The symbol in this specific instance is Gatsby's dream of the "lost emerald star":

"And as I sat there brooding on the old, unknown world, I thought of Gatsby's wonder when he first picked out the green light at the end of Daisy's dock. He had come a long way to this blue lawn, and his dream must have seemed so close that he could hardly fail to grasp it. He did not know that it was already behind him, somewhere back in that vast obscurity beyond the city, where the dark fields of the republic rolled on under the night." From The Great Gatsby

The line, "twilight's last gleaming", lifted from the United States national anthem, pays passing homage to Fitzgerald's fascination with Americana and his place in American literature. Actually, "The Red, White & Blue" was among Fitzgerald's first working titles before settling upon The Great Gatsby. Tangentially, I contend that any arguments about the great American novel are moot. Fitzgerald has already cornered that market.


Eleventh Stanza

song still lingers

swimming well deep beneath

black waters moonlight mirrored mild

ascending image long remembered

Gatsby, Gatsby smiled

Now fully returned to the everyday there comes a denouement or circle rounded of sorts. Because Gatsby has been the identified vehicle, it is Gatsby's transcendent smile that prompts the Hero to deliver the message, insight, gospel, elixir that's been bequeathed. There's a "share the wealth" responsibility incumbent upon the Hero, obliged by supernatural subpoena, to divulge any mystic messages which have been acquired during adventures to the other side, hidden world, paradise, nirvana etc. Delivery of the "The Knowledge" is the goal of the whole damn venture.


Twelfth and Thirteenth Stanzas

fine mornings

tiny voices sing

row row row your

boat gently down

the stream


merrily

merrily merrily

merrily life is

but a

dream

And so the "grand word", the perfect understanding is shared. Listen, observe and know.

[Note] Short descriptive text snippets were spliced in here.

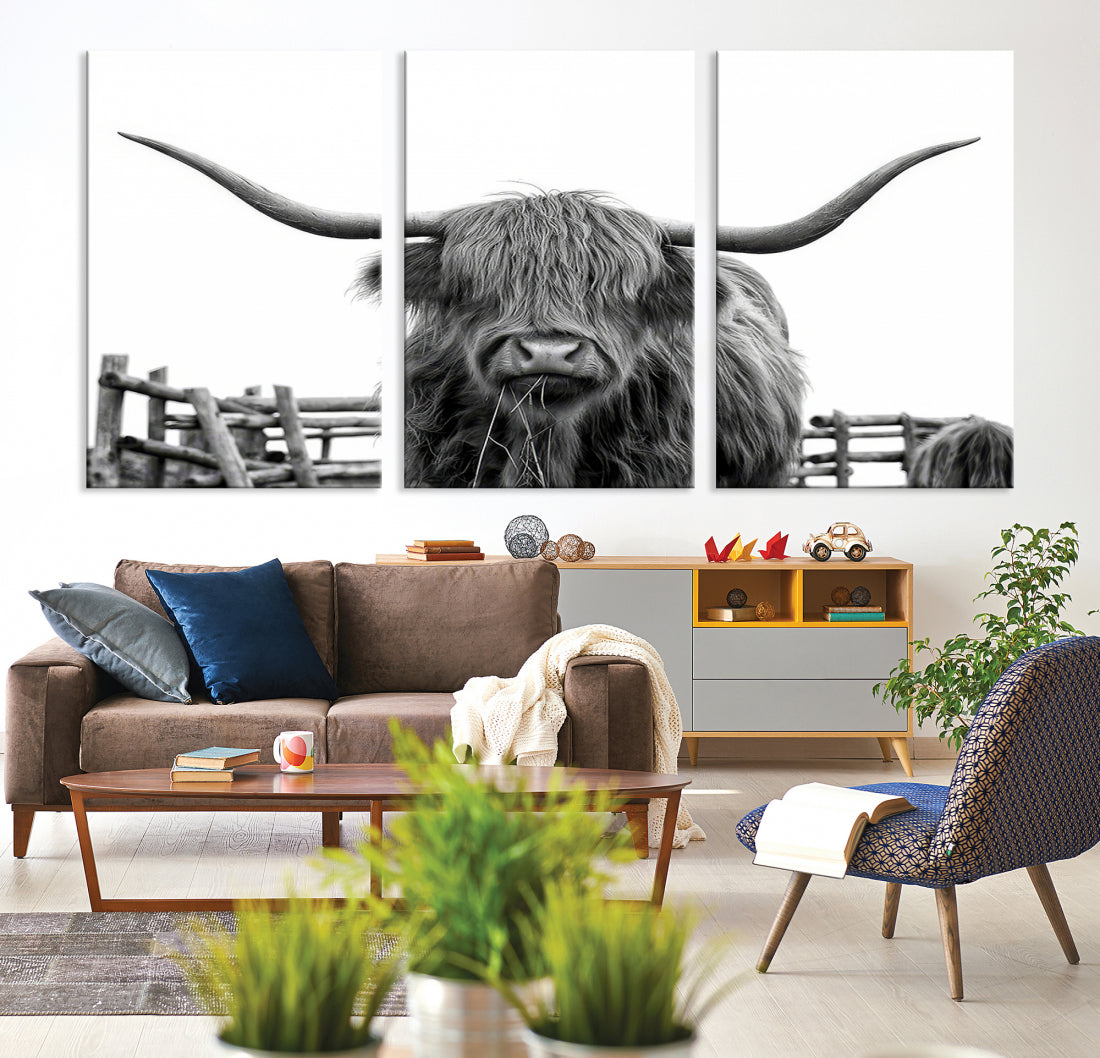 Bighorn Wall Art Cow Canvas Print Black White Artwork Mountain Lounge Farmhouse Wall Decor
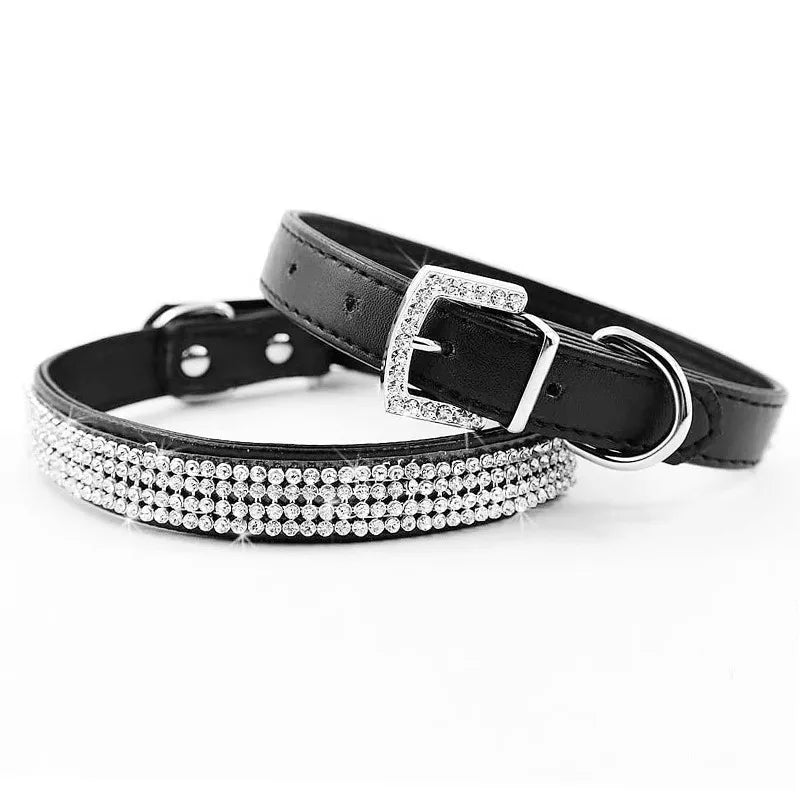 Dog Collar Diamond Rhinestone Buckle Crystals Sparkling Collar Multi-Drain Rhinestone Decoration Strong Non-Falling Pet Supplies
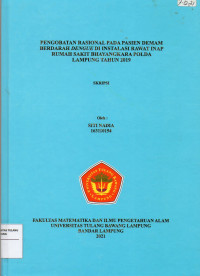 Image of Pengobatan rasional pada pasien demam berdarah dengue di instalasi rawat inap rumah sakit Bhayangkara POLDA Lampung tahun 2019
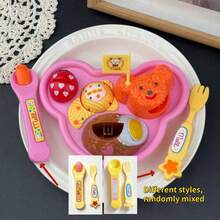 Bear-Shaped Pet Feeding Simulation Educational Toy Set With Tableware, Portable Interactive Role-Play Toy, Sensory Learning Game Gift, Suitable For Easter, Halloween, Christmas - 彩色 - 查看 3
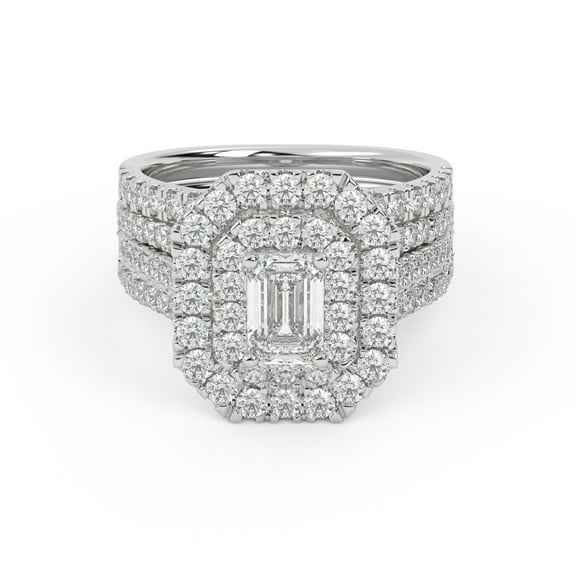 AFFY 3 Row Double Halo Bridal Set Ring for Women, IGI Certified 2.10 Carat (ctw) Emerald Cut Lab Grown Diamond Engagement Wedding Ring In 14K Solid White Gold F-G, VS-SI Quality Ring Size-4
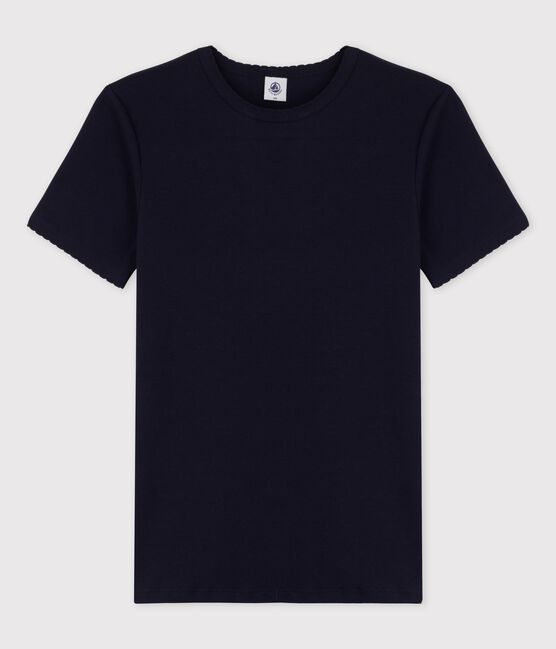 Eng anliegendes T-Shirt mit Pikotkante aus Bio-Baumwolle für Damen blau SMOKING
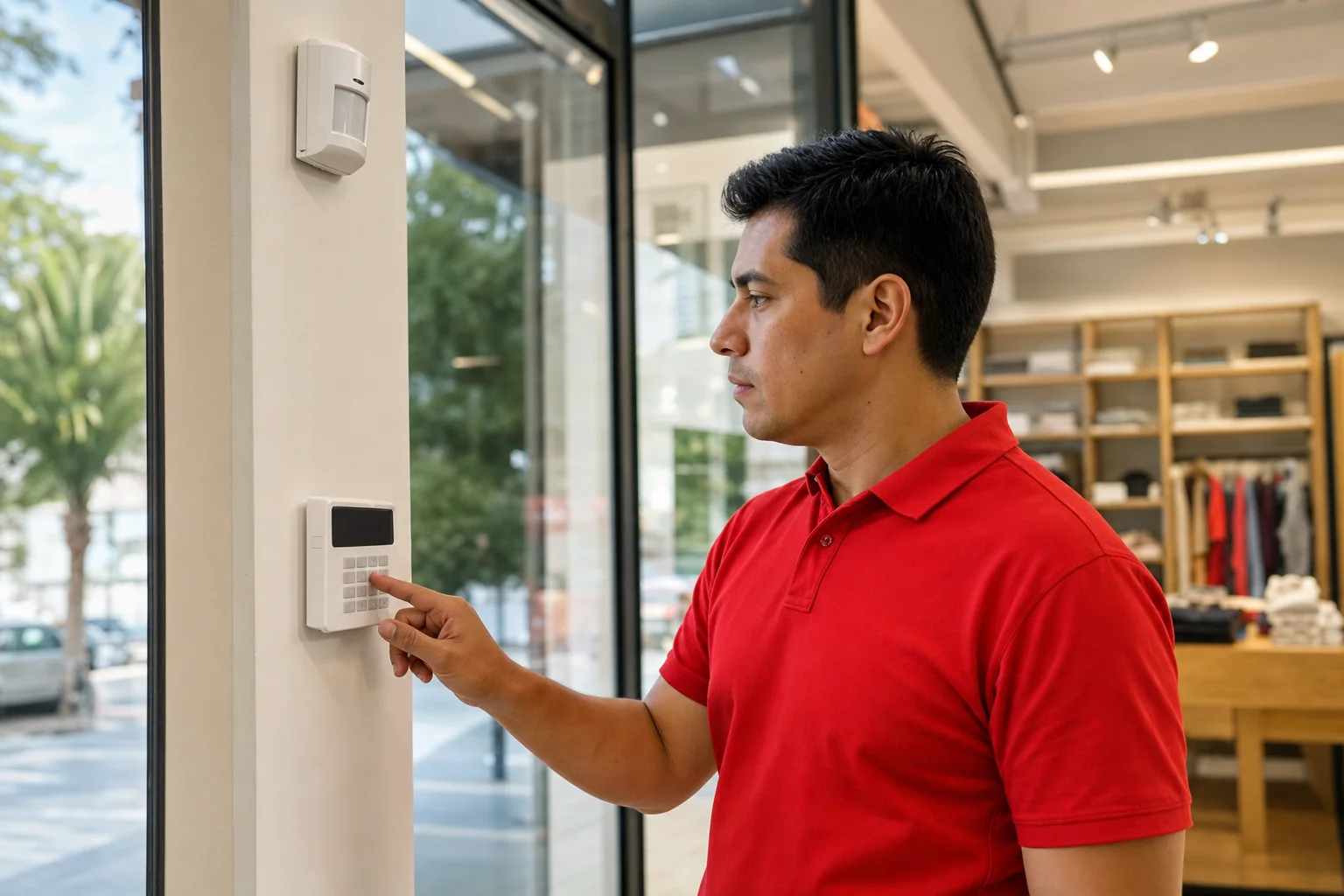 Técnico configurando una alarma antirrobo en un comercio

The line, "fine mornings" and boat rowing reflects The Great Gatsby's summation:

"Gatsby believed in the green light, the orgastic (verbatim correct, but possibly should be orgasmic) future that year by year recedes before us. It eluded us then, but that's no matter - tomorrow we will run faster, stretch out our arms further... And one fine morning - 

So we beat on, boats against the current, borne back ceaselessly into the past."


Enjambment - noun - The running on of the thought from one line, couplet, or stanza to the next without a syntactical break.